God's Grandeur by Gerard Manley Hopkins : The Poetry Foundation [poem] : Find Poems and Poets. Discover Poetry.

For comparison, here again is Ryan's "Blandeur" from yesterday:

Blandeur by Kay Ryan : The Poetry Foundation [poem] : Find Poems and Poets. Discover Poetry.

Ryan seems to say such gifts can be as exhausting as they are stunning, so she playfully asks the deity to tone it down, to inflict upon her a little less drama and splendor in the world. It's too much.

I'm not pushing any religiosity in the two poems, but I have to acknowledge that it's there, albeit in very different ways. Maybe those differences reflect the century of change in sentient witnesses' attitudes upon encountering the divine, or at least the omnipotent. In fact, I wonder if Ryan is speaking somewhat tongue-in-cheek, poking fun at modernism's reluctance or inability to accept such displays as manifestations of the divine, while Hopkins is all too happy to say, Bring it on, Lord, and praise be.

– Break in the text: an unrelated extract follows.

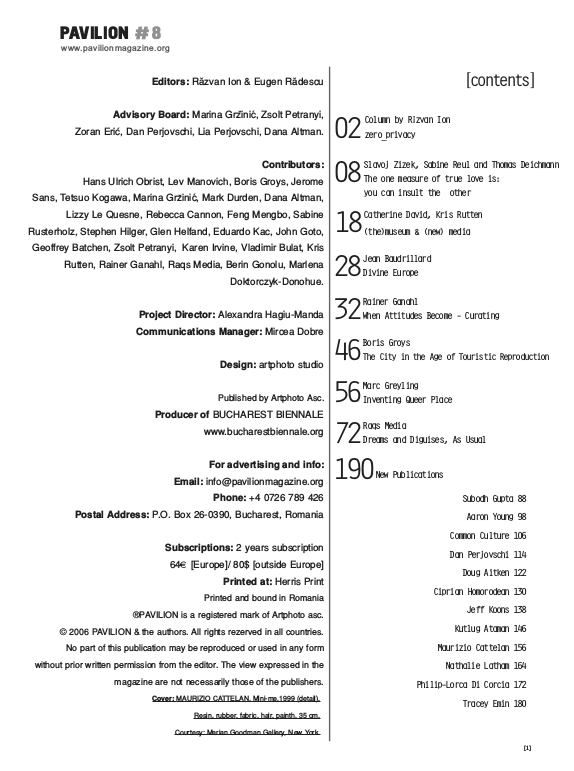 Pavilion v8 table of contents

The poems provide an awfully good basis for comparison, yet I'm embarrassed to say I didn't even catch the connection between them until after I'd posted "Blandeur" yesterday.



Brenda's Arizona said...

Grandeur vs. Blandeur - NEAT!
Hopkins' reminds me of taking my Mom to Yellowstone last summer. Watching Old Faithful blow - the grandeur is what she remembers. "Nature is never spent". Mom wanted to shake anyone who wasn't paying attention to the 'blow' - to anyone who was busy talking on his/her cell phone, ignoring the grandeur.

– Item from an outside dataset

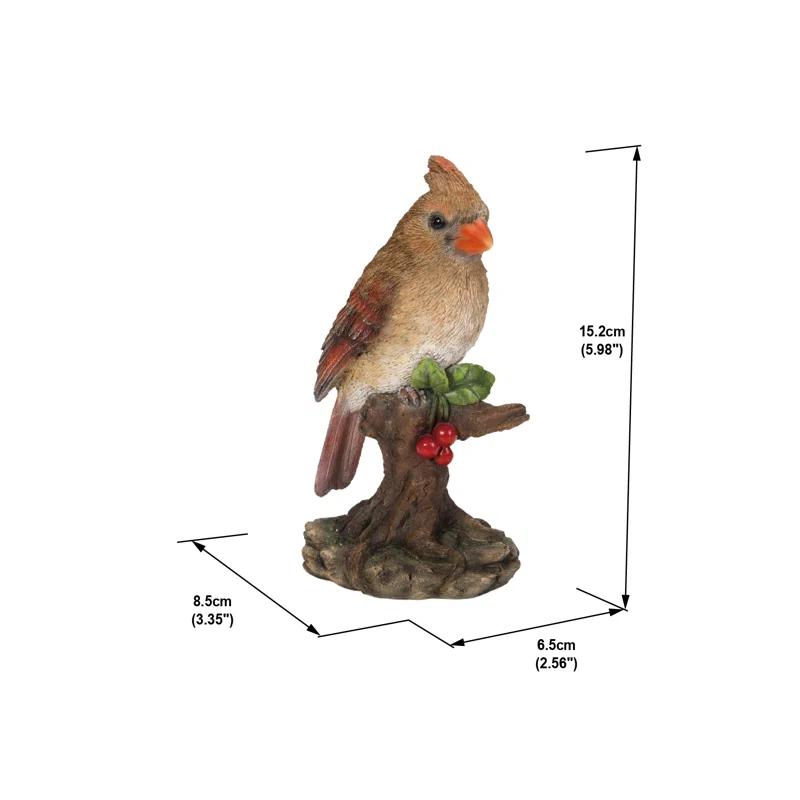 Female Cardinal on Stump Polyresin Garden Statue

Which begs the question - when Old Faithful blows, and no one is there to see it... is it at lovely? Does God put as much effort into it?

Pasadena Adjacent said...

now that I've read this post I'm ready to take back 3/4's of my comment in the last post (the horse name stands).

Blandeur, it's a perfect description. I hope it doesn't catch on. Like the overly used "shape shifter" Two words I loved hearing together that are now becoming too commonly used.

Banjo52 said...

PA, 1. you BETTER leave that horse name alone! 2. That's the problem with cliche, isn't it--tho' I'm not sure I hear "shape shifter" as cliche just yet.

Pasadena Adjacent said...

I went back and re-read. Maybe I'd ax the Camus quote.

"Shape-shifter" I recently discovered it in Mary Karr's middle memoir Cherry. Written in 2000. It got me to thinking and dreading. Something similar happened to me when I took a passed over reference out of a movie that pop culture seemed to have bypassed ten years earlier. Anyhow, I put it into a 20 x 60 ft Billboard that graced Hollywood blvd (and above Fredrick's of Hollywood; I was so honored). Well received, plenty of applause etc etc. Then maybe five years after the fact, the "quote" returned and became part of pop-culture's lexicon, making my work look cliche.

Unless your famous, those tides you ride before trends, can come back to bite you.

Jean Spitzer said...

I'm just about up to reading, but while I haven't been up to much analysis, I have been loving your photos these past weeks. My favorite is the wreath of egrets from a few posts ago.

Banjo52 said...

PA, you were there first!

Jean, thanks. With birds, they don't usually allow planning a pattern, but I did see that circle and jumped on it. Yet I never thought of "wreath," which is perfect.

Hope you're fully back soon.

Banjo52 said...

Brenda, now Blogspot is eating MY comments. The story of your mom and Yellowstone really says some stuff. Although I don't think I'd ever be on my phone beside Old Faithful, I think I now admit to being almost as moved (is that the word?) by pastoral scenes in Ohio, Indiana, and so forth. How about this?--farms and woods in hill country conjure thoughts of man IN nature, while places like the Tetons (just for variety) show man UNDER nature. If someone needs to be told that nature is bigger than he is . . . well, he just might be on his cell phone as an avalanche thunders down, and that just might be a good thing.

I don't mean we have to choose--Rockies VERSUS Paducah, KY, for example. I guess I mean the Rockies and their ilk are so OBVIOUSLY grand that needing that much to see nature's beauty and might suggests a deficiency in the observer. Paducah has its glories too. And I-80 across Pennsylvania.

TMI? Might be a good time for us all to re-read the conclusion of Wallace Stevens' "Nomad Exquisite" (about a month ago here).